Does DataZone replace AWS Lake Formation?

No — they serve complementary roles in the same governance stack. Lake Formation enforces fine-grained access control on Glue tables using IAM and column/row-level permissions. DataZone sits above it: it manages the governance workflow (who can request access, who approves, what business context exists), then automatically calls Lake Formation APIs to provision the actual permissions once a subscription is approved. Think of Lake Formation as the access control engine and DataZone as the orchestration and catalog layer on top of it.

Can DataZone work with on-premises data sources?

DataZone is natively integrated with AWS-hosted data assets — S3/Glue tables, Redshift schemas, RDS tables, and SageMaker ML models. For on-premises sources, you have two practical options: (1) register a custom asset type and manage the physical access provisioning outside DataZone's automated workflow, or (2) replicate on-premises data into S3/Glue via AWS DMS or Glue connectors so it becomes a first-class DataZone asset. Full automated subscription provisioning for on-premises sources is not supported natively.

How does DataZone handle PII classification?
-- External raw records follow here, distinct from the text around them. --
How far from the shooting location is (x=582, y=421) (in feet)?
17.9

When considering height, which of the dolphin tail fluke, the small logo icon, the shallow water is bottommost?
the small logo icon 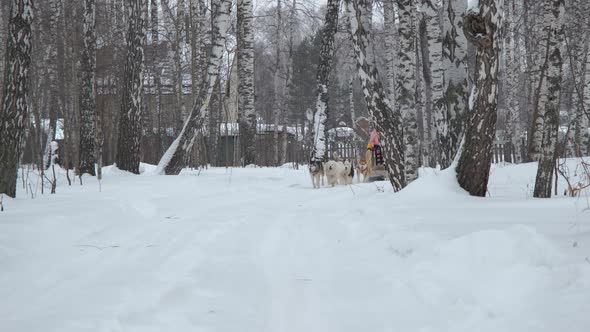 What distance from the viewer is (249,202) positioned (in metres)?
7.86

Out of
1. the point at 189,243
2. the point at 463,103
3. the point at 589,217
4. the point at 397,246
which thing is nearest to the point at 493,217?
the point at 589,217

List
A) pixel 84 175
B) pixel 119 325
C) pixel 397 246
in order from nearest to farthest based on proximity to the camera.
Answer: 1. pixel 119 325
2. pixel 397 246
3. pixel 84 175

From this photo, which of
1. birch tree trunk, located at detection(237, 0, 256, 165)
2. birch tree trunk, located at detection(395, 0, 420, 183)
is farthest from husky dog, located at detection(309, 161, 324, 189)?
birch tree trunk, located at detection(237, 0, 256, 165)

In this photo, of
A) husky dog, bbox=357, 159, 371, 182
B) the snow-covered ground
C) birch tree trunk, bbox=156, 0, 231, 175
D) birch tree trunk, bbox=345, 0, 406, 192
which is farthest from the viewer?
husky dog, bbox=357, 159, 371, 182

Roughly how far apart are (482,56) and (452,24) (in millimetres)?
1677

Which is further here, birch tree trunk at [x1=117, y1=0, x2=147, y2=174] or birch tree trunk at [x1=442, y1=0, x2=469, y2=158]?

DataZone integrates with AWS Glue sensitive data detection (powered by Amazon Macie patterns) to automatically classify columns containing PII patterns like SSNs, credit card numbers, and email addresses. These classifications surface as metadata tags on DataZone assets, making PII-containing datasets visible in the catalog with clear labels. However, DataZone does not automatically restrict access to PII assets — you still configure Lake Formation column-level security and data masking policies as enforcement. DataZone gives you the discovery and labeling layer; enforcement remains in Lake Formation and Glue.

Can I import my existing AWS Glue Data Catalog into DataZone?

Yes — DataZone connects to an existing Glue Data Catalog via a DataZone environment that points to the relevant AWS account and region. Once connected, DataZone can crawl the Glue catalog and surface all databases and tables as discoverable assets. The technical metadata (schema, partitions, S3 locations) is pulled automatically. What you add in DataZone is the business layer: descriptions, glossary term assignments, owners, and quality scores. Existing Glue tables do not need to be moved or re-registered from scratch.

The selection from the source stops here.